The current implementation is limited to xarray DataArrays and dask arrays.

Elliptical Weighted Averaging
^^^^^^^^^^^^^^^^^^^^^^^^^^^^^

Pyresample makes it possible to resample swath data to a uniform grid
using an Elliptical Weighted Averaging algorithm or EWA for short.
This algorithm behaves differently than the KDTree based resampling
algorithms. The KDTree-based algorithms
process each output grid pixel by searching for all "nearby" input
pixels and applying a certain interpolation (nearest neighbor, gaussian, etc).
The EWA algorithm processes each input pixel mapping it to one or more output
pixels. Once each input pixel has been analyzed, the intermediate results are
averaged to produce the final gridded result.

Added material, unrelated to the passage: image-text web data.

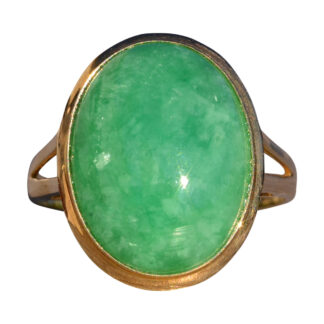 The 143rd Avenue: Vintage Jadeite Jade Ring in Yellow Gold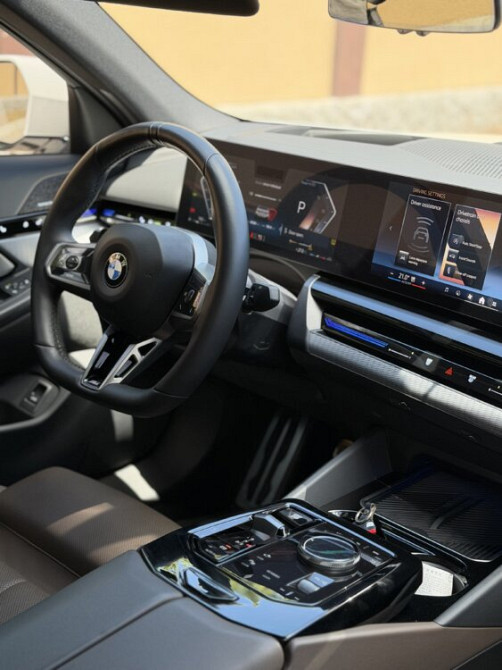 BMW 5 Series 2023 год Тирасполь Tiraspol - fotografie 2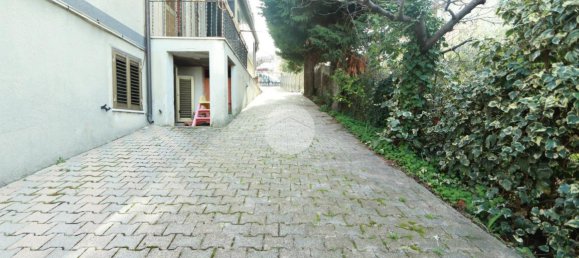 5 rooms Apartment in Pescara, Italy No. 14934 4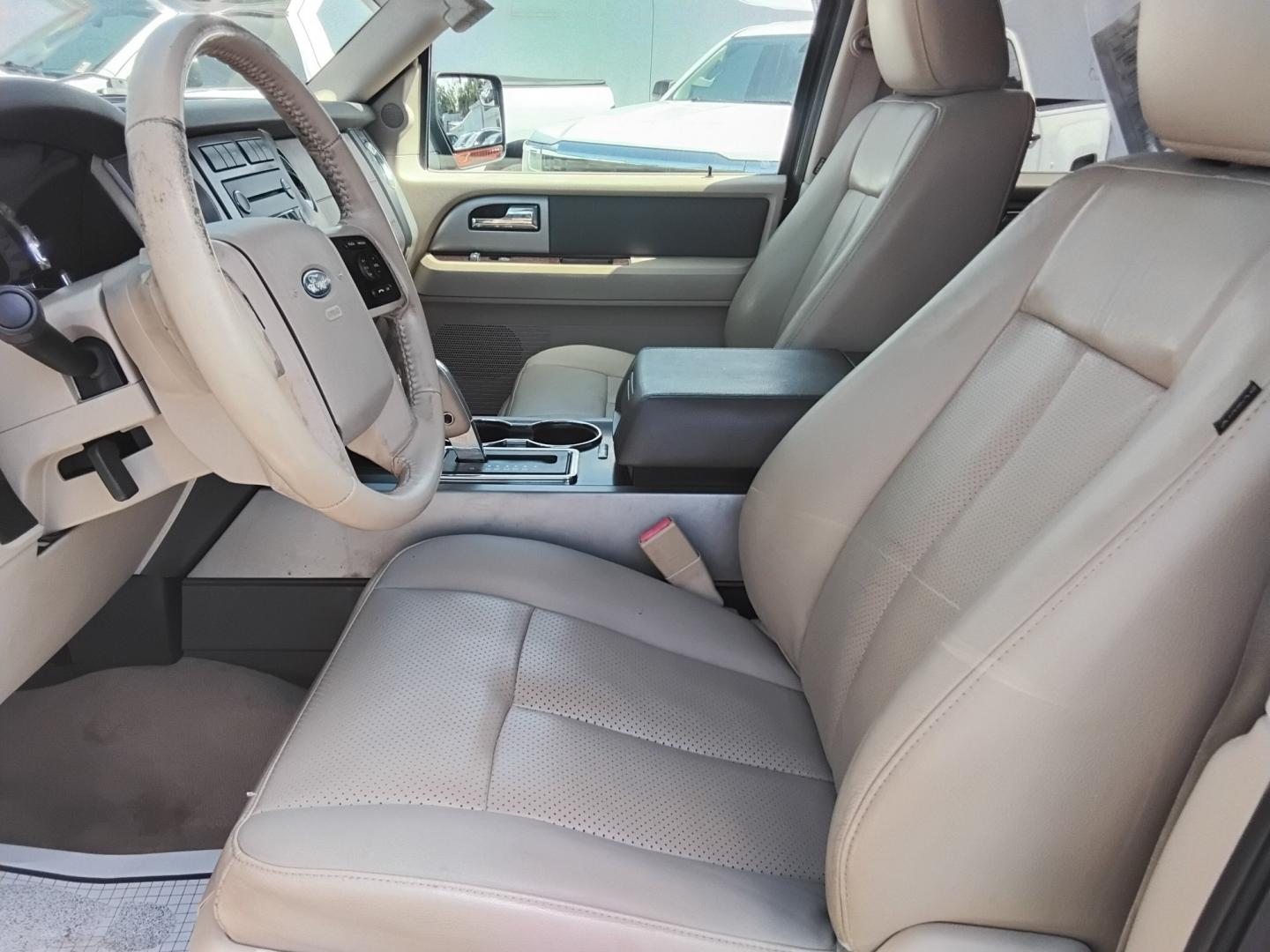 2014 BLACK /Beige Ford Expedition King Ranch 2WD (1FMJU1H52EE) with an 5.4L V8 SOHC 16V FFV engine, 6A transmission, located at 6112 N Florida Avenue, Tampa, FL, 33604, (888) 521-5131, 27.954929, -82.459534 - $499 DOWN PLUS TAX & TAG.- Photo#7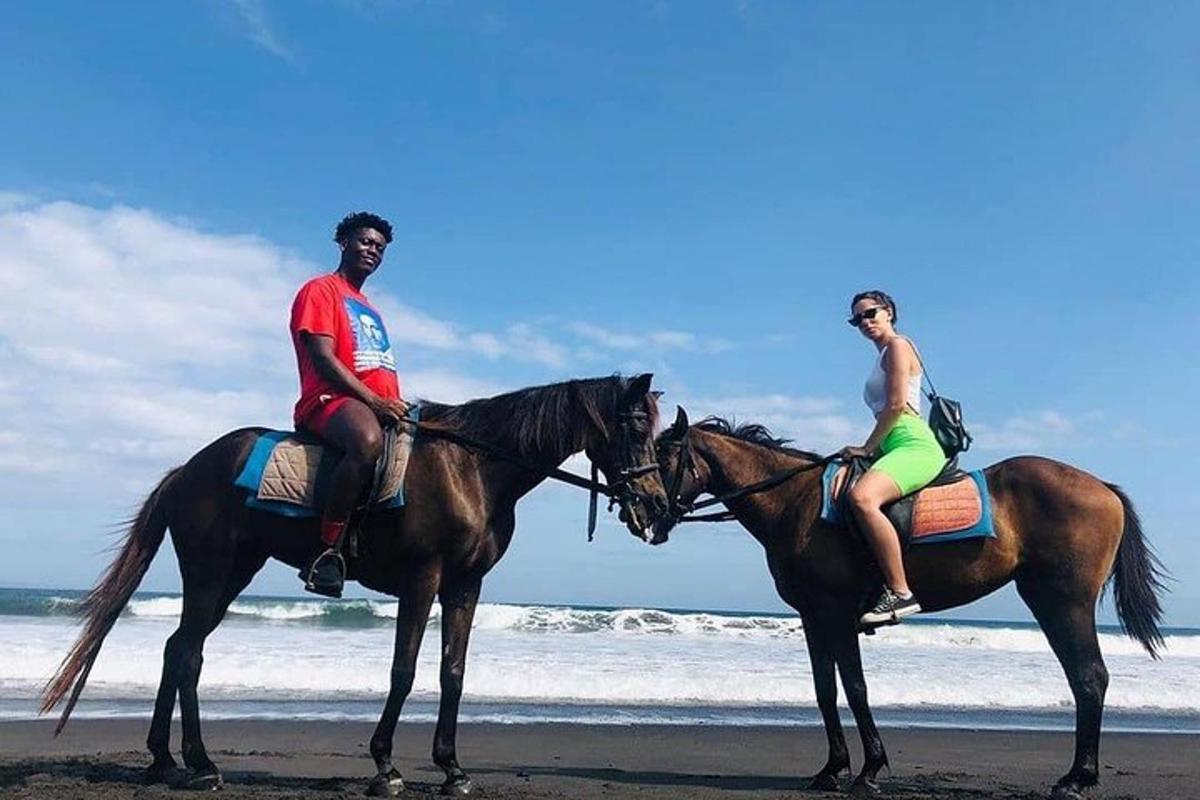 两个人在海滩上骑马
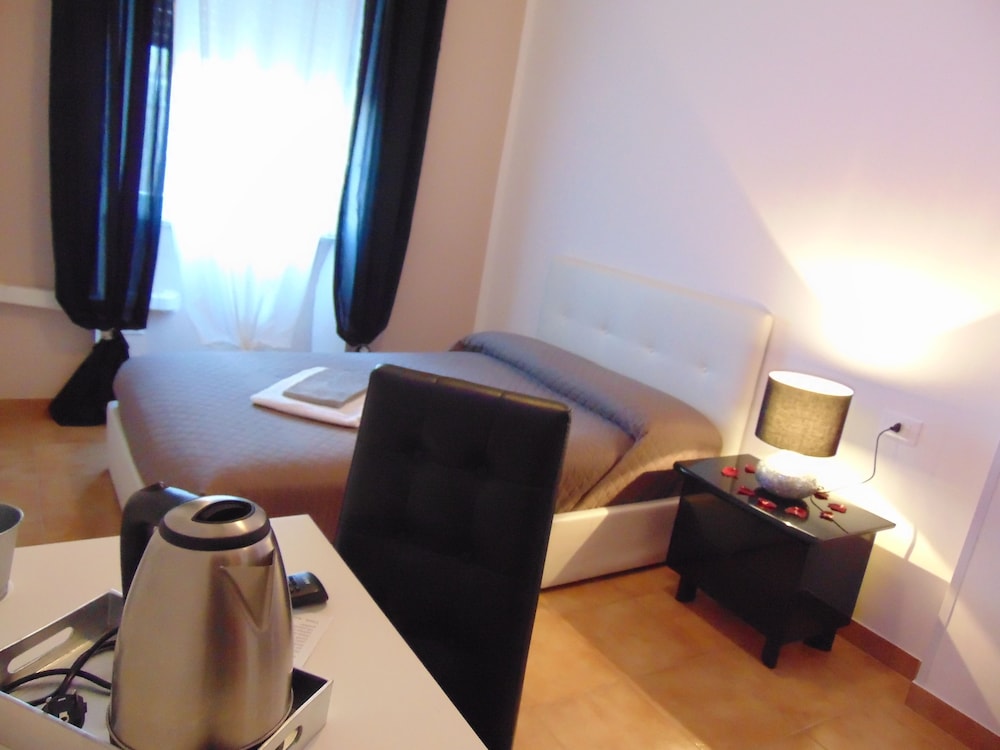ROOM, SINGLE, DOUBLE BED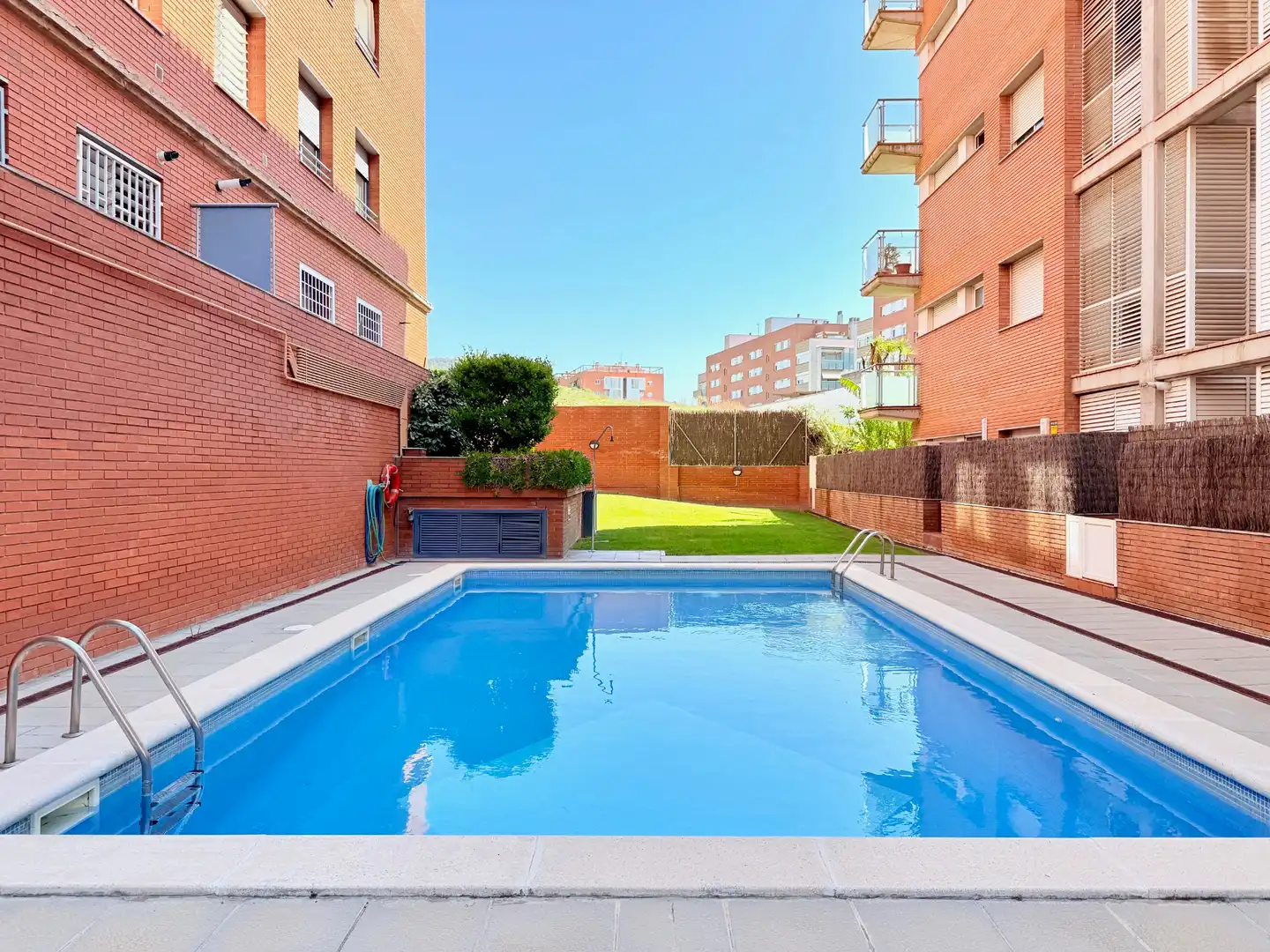 Piscina de Piso en venta en Sant Feliu de Llobregat con Aire acondicionado, Calefacción y Parquet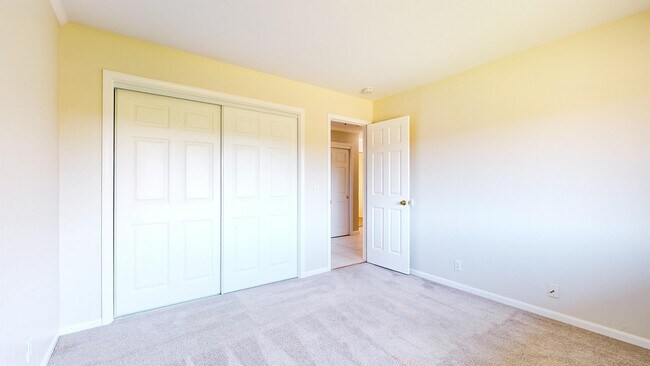 Building Photo - 9168 Eastside Rd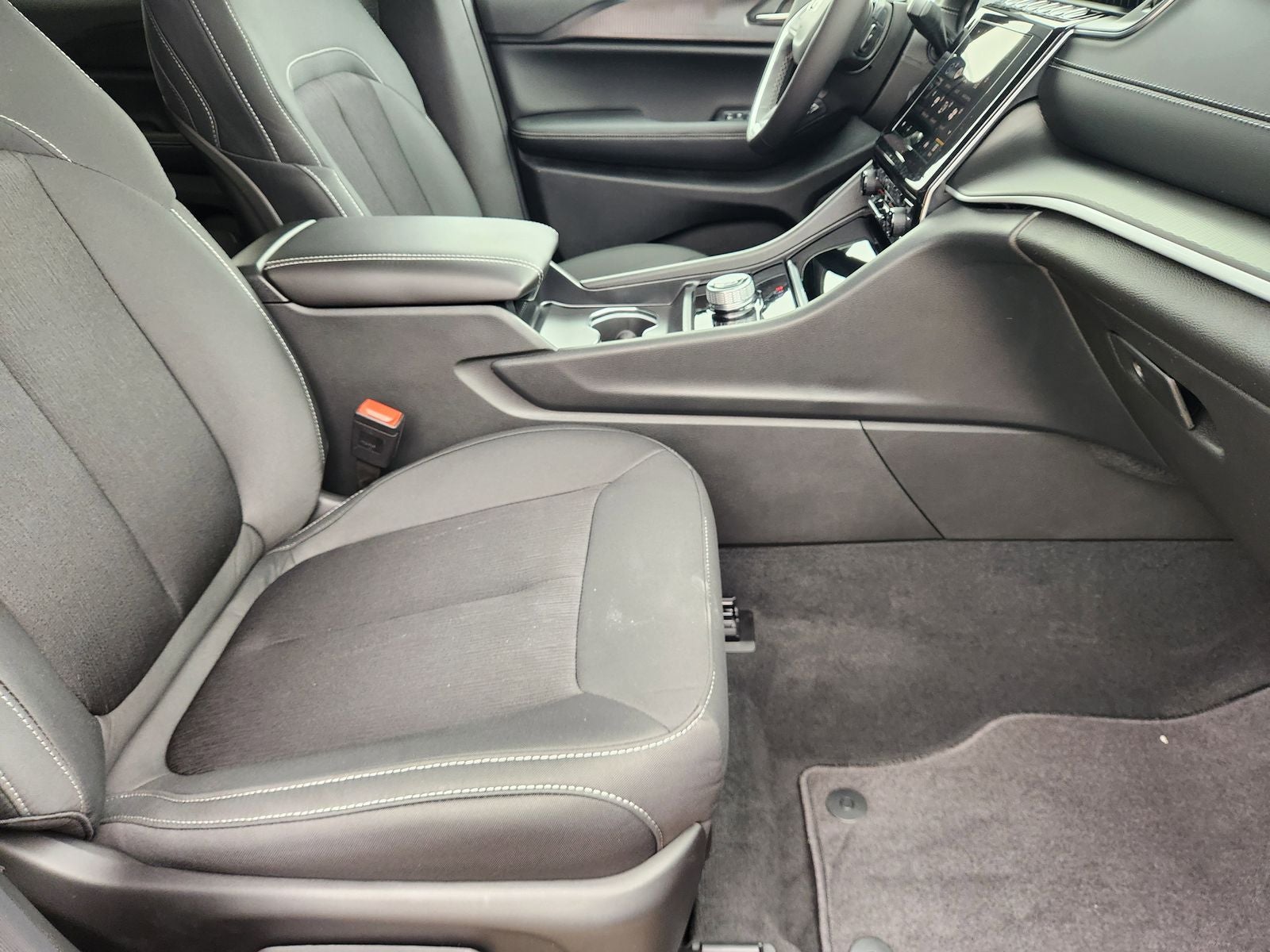 2025 Jeep Grand Cherokee GRAND CHEROKEE LAREDO 4X2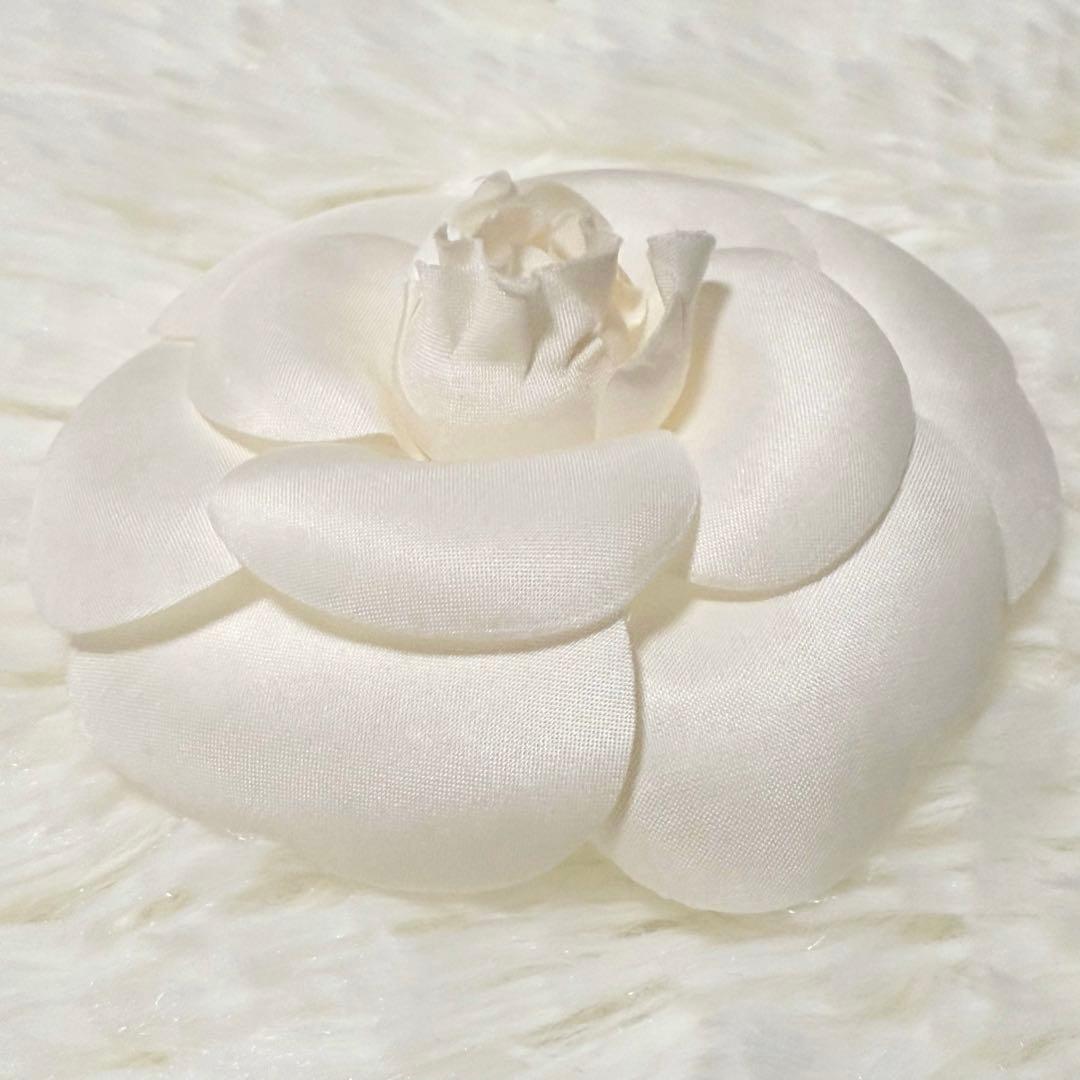 美品 CHANEL シャネル カメリア ブローチ コサージュ フラワー 白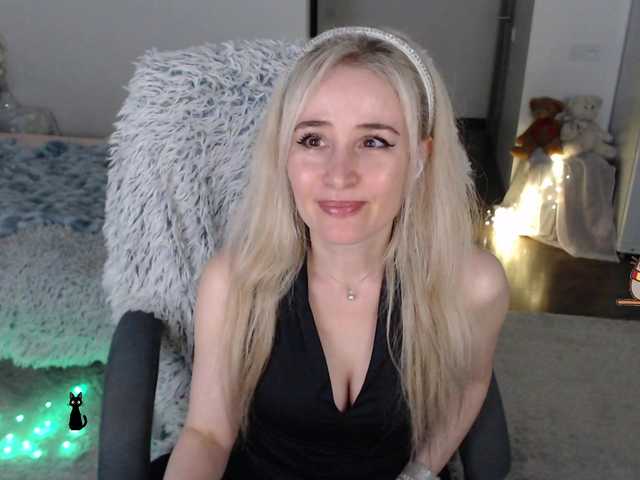 xyliganka777's BongaCams show and profile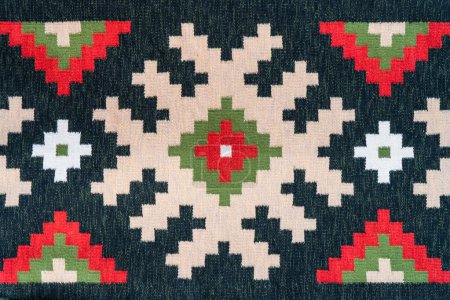 Foto de Ornamento geométrico ucraniano tradicional en alfombra tejida hecha a mano en Bohuslav, región de Kiev. Tejido ucraniano y concepto de artesanía - Imagen libre de derechos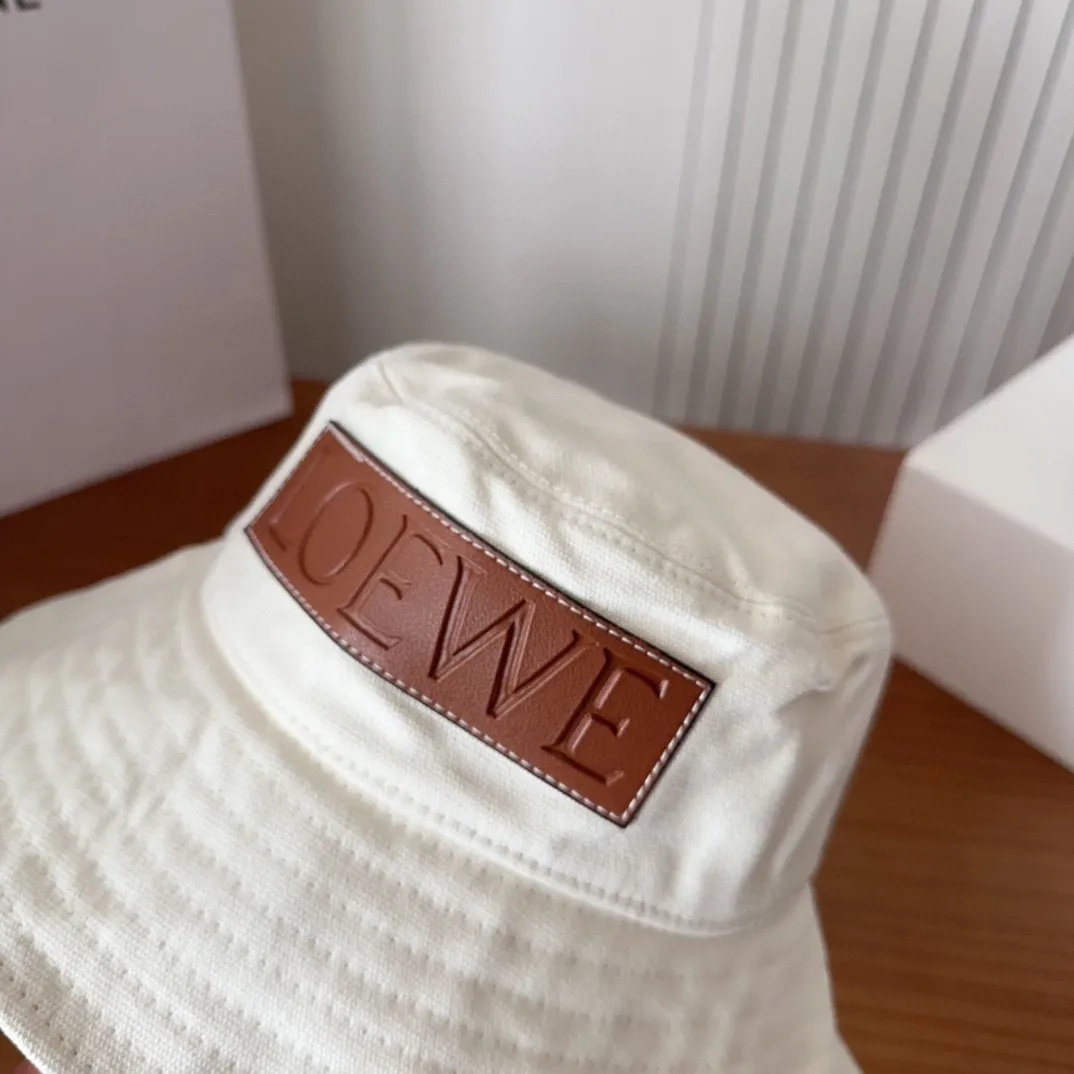 💰66 Luo Yiwei's personalized fisherman's hat, an excellent casual fisherman's hat. The texture is full of retro style and has a strong street style. It's handsome! Can be worn all year round! Head circumference-55-58cm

The EWA algorithm also has limitations on how the input data are structured
compared to the generic KDTree algorithms. EWA assumes that data in the array
is organized geographically; adjacent data in the array is adjacent data
geographically. The algorithm uses this to configure parameters based on the
size and location of the swath pixels. It also assumes that data are
scan-based, recorded by a orbiting satellite scan by scan, and the user must
provide scan size with the ``rows_per_scan`` option.

The EWA algorithm consists of two
steps: ll2cr and fornav. The algorithm was originally part of the
MODIS Swath to Grid Toolbox (ms2gt) created by the
NASA National Snow & Ice Data Center (NSIDC). Its default parameters
work best with MODIS L1B data, but it has been proven to produce high
quality images from VIIRS and AVHRR data with the right parameters.

There are multiple high-level interfaces to this algorithm in order to support
for numpy arrays or xarray DataArrays backed by dask arrays.